SB 186 will close the loophole. Introduced by State Senator democrat Hannah-Beth Jackson of district 19, on Feb. 19, 2015, and passed by the California Senate on April 27 with a unanimous vote 35-0.

The California State Assembly passed a revised version by a 49-11 vote on May 19. After a likely compromise revision, Gov. Jerry Brown may sign this much-needed bill into law.

Two year college students should be aware of a proposed new law expanding governing board’s disciplinary range by penalizing accused students, after due process of law, in order to guarantee rape victims a process for justice.

Students who participate in such evil acts could be suspended or expelled by their community college school, in which they are enrolled with a required sexual assault expulsion on school permanent records and transfer documents.

The general definition of sexual assault is unwanted sexual contact or behavior with no verbal consent.

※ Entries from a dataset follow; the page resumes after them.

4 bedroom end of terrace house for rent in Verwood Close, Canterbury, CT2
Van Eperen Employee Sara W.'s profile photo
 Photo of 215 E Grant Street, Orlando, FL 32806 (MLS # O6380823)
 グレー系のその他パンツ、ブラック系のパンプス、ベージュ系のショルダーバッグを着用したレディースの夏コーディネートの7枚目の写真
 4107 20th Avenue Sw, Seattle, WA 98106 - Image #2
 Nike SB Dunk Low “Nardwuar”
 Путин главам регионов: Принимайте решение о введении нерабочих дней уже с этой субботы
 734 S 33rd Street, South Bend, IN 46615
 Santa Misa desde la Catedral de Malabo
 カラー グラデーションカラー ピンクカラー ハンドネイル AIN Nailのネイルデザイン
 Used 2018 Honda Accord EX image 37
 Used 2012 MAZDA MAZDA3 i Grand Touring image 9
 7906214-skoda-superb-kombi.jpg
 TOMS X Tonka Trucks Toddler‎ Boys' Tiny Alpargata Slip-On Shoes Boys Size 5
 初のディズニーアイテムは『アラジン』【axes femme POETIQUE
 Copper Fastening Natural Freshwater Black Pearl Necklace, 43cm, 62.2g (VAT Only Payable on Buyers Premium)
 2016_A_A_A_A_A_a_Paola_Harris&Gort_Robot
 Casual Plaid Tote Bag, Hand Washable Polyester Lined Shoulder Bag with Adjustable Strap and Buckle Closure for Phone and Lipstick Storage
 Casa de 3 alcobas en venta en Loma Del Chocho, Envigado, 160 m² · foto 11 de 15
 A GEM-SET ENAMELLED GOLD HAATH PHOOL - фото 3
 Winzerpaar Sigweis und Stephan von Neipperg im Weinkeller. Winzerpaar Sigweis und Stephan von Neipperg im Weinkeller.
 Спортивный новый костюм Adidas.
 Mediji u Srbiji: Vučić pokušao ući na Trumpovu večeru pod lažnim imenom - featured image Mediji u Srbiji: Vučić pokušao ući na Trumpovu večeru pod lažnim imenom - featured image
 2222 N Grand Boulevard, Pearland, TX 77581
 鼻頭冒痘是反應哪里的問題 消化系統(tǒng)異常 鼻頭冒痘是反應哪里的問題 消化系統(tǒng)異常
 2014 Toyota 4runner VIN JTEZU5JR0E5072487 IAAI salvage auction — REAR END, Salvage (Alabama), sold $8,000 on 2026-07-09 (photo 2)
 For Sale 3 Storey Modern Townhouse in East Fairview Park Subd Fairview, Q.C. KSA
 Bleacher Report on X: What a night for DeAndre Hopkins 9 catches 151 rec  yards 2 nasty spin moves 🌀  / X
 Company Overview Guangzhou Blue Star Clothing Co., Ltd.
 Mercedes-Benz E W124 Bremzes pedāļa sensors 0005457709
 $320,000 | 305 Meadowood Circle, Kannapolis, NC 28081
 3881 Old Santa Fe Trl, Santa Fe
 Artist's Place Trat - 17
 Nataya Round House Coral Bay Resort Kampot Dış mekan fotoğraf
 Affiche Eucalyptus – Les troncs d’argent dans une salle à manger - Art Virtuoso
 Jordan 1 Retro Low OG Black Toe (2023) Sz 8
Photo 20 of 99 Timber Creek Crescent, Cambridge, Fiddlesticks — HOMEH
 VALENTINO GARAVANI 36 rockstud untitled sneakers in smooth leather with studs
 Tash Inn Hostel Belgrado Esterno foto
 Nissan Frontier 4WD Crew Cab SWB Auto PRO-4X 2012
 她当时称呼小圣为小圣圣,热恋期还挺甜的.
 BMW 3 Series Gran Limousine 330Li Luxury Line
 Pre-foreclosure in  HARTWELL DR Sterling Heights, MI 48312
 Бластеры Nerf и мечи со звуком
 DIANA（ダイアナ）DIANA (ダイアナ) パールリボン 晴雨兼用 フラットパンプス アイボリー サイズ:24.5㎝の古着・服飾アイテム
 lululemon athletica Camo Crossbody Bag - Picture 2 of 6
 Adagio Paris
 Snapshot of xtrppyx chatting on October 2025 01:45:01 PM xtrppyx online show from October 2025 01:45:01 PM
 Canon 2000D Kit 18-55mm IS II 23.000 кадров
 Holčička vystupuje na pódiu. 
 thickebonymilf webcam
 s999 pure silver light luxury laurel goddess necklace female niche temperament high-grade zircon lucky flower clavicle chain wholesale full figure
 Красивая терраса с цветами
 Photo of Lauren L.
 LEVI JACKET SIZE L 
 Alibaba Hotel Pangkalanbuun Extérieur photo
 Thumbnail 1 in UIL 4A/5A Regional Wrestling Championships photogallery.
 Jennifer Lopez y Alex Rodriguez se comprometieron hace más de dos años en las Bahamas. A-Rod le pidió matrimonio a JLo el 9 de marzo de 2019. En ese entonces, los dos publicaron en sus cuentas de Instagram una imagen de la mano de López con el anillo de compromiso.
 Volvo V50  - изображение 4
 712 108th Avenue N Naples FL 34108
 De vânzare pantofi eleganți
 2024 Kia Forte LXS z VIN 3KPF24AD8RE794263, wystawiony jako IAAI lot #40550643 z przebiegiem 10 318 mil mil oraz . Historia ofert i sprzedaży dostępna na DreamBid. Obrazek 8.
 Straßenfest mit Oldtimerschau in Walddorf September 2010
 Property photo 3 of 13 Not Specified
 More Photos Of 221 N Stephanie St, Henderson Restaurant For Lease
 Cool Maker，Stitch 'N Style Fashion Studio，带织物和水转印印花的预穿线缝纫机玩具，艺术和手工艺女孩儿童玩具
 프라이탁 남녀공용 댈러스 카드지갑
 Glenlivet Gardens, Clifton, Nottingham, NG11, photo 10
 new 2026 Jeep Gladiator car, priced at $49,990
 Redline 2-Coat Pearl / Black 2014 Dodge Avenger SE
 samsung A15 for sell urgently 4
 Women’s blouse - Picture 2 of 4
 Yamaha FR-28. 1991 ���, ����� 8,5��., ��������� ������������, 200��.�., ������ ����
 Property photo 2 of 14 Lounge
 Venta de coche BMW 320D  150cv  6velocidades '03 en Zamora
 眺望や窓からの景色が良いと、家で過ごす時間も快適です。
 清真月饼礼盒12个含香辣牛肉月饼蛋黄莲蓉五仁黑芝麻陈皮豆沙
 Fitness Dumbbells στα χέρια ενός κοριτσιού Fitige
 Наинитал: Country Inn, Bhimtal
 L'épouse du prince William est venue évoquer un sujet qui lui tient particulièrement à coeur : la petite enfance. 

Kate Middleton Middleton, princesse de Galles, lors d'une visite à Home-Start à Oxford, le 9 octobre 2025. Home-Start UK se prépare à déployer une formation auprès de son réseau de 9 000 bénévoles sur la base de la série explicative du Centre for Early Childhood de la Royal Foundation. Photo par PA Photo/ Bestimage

It can include rape, attempted rape, and forced oral sex.

With eight out of ten sexual assault cases, the victim knows the assailant according to the National Sexual Violence Resource Center. This is alarming when college students have many acquaintances throughout a college career.

In California 2.1 million students in 2012 were enrolled in the state’s 112 community colleges. According to Campus Safety Magazine, 80 percent of sexual assault victims are under age 30 and between 20 and 25 percent of women will experience sexual assault crimes within their first year of college.

Gov. Brown needs to make SB 186 an official law to provide a way for community colleges to help their sexual assaulted students by receiving justice.